Outside of the curriculum, all returning students are eligible to audition to be part of a conducting class of around 6 students who study with Mark Heron. Following a rigorous audition process which usually takes place in May, the successful students have conducting opportunities in the following academic year with symphony, chamber, opera and wind orchestras, new music groups and brass ensembles. Places in the class are awarded solely on merit, but typically there will be a mixture of 2nd & 3rd year students and an occasional postgraduate. Students receive one-to-one tuition and supervision in rehearsals and can attend master classes at the RNCM with Sir Mark Elder and other visiting conductors.

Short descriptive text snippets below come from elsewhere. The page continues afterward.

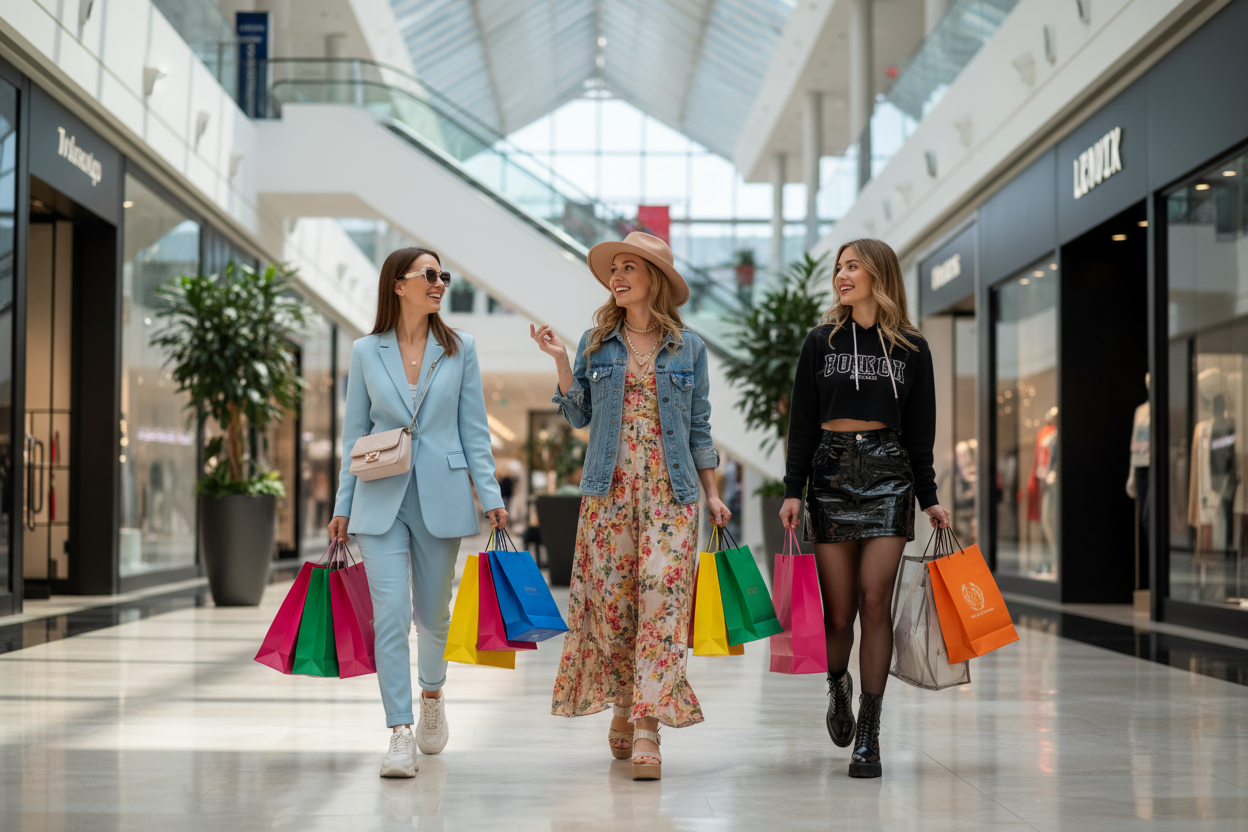Girls carrying shopping BAGs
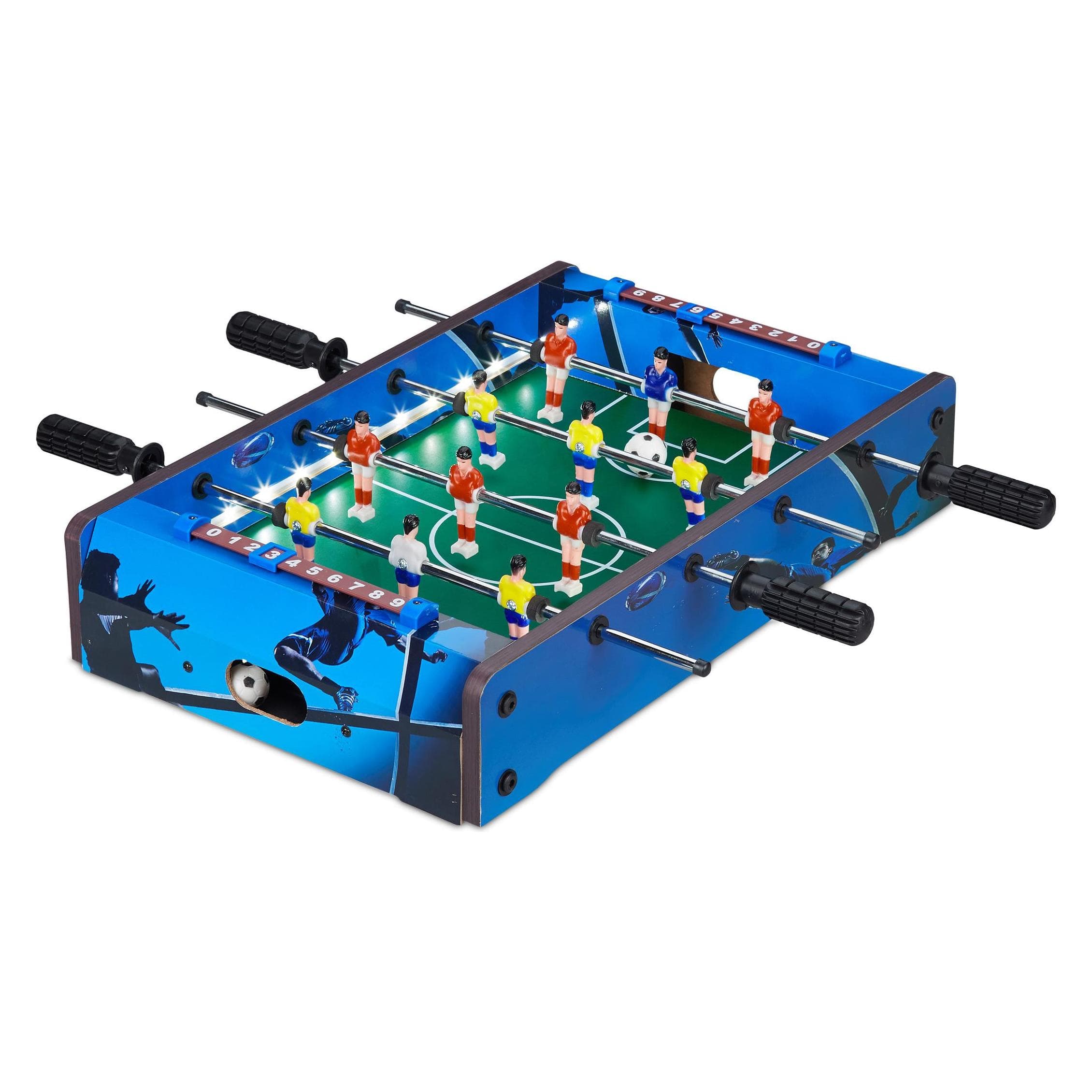 Relaxdays Biliardino Calcio Balilla da Tavolo, Blu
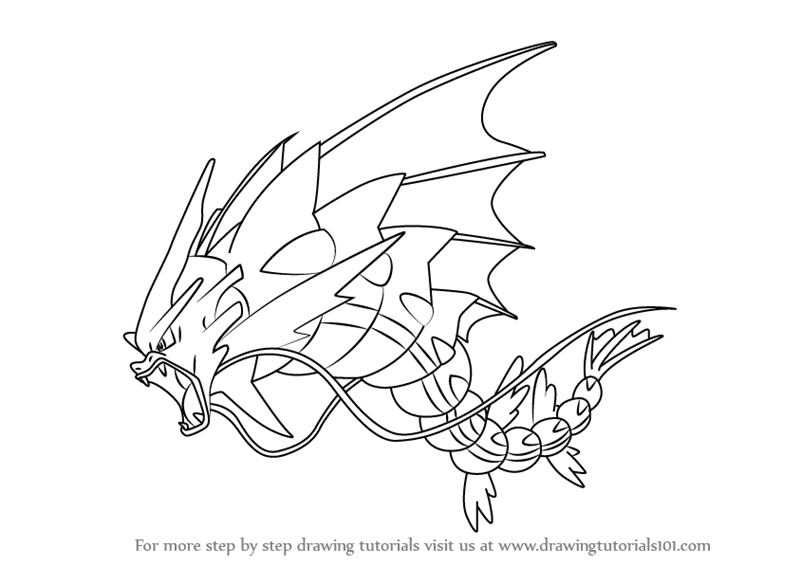 800x565 Learn How To Draw Mega Gyarados From Pokemon (Pokemon) Step By - Gyarados Sketch
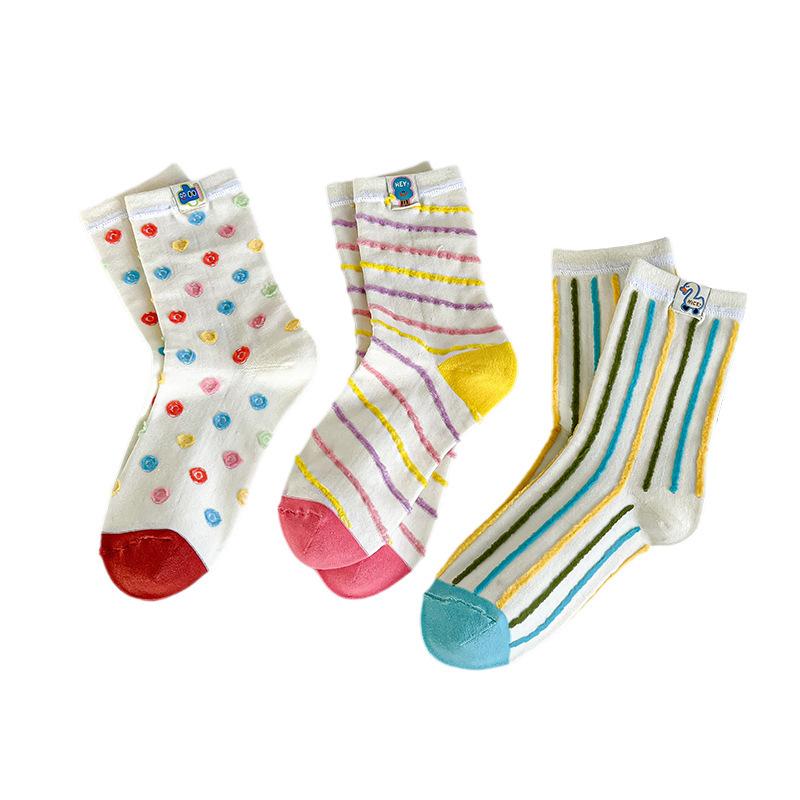 Cartoon Fabric Label Socks for Women's Summer Trend Design. Colorful Polka Dot Stripes Are Cute and Funny. Wear Mid-calf Socks Inside Out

Conducting opportunities are given across all of the University ensembles. For a Symphony Orchestra concert, 2 students might share the programme with Mark Heron. Projects with other ensembles may involve 3 or 4 conductors. Student conductors will also take sectional rehearsals and assist with projects involving the University Chorus. Typically the students will conduct in at least 7 or 8 concerts over the year as well as having the freedom to develop their own projects. The basic philosophy of this approach is that at undergraduate level, students will learn much more from conducting 15 or 20 minutes of repertoire often, rather than a whole concert seldom.

Rehearsals are sometimes “back-seat-driven” to aid the development of all-important rehearsal technique, at other times the student is left to learn how to drive the bus single-handed!

Final year undergraduates, if they have taken the 2nd year module and provided they successfully audition for the conducting class, may elect to take Conducting as their principal study in performance in their 3rd year. They are then assessed on 2 separate orchestral performances.

Recent Student Success

Whilst still a student Duncan Ward (graduated 2010) was selected for Valery Gergiev's master class with the London Symphony Orchestra, Pierre Boulez's Luzerne Festival Academy and was one of 24 participants chosen from 576 applicants for the Solti Conducting Competition in Frankfurt. In 2011 he was a finalist in the Chicago Symphony Assistant Conductor auditions, participated in David Zinmann's Tonhalle master class, and conducted the LSO in concert.

Rob Guy (graduated 2009) was assistant conductor to the Liverpool Mozart Orchestra in 2009-10, and was selected to assist Kirill Karabits with the Britten-Pears Orchestra in 2010. He has had much success conducting choirs and recently formed a chamber orchestra of young professionals in North Wales.

Jamie Phillips (graduates 2012) was successful in the preliminary auditions of the 2011 Bescancon Conducting competition being selected as one of 16 participants (the only one from the UK) from several hundred applicants.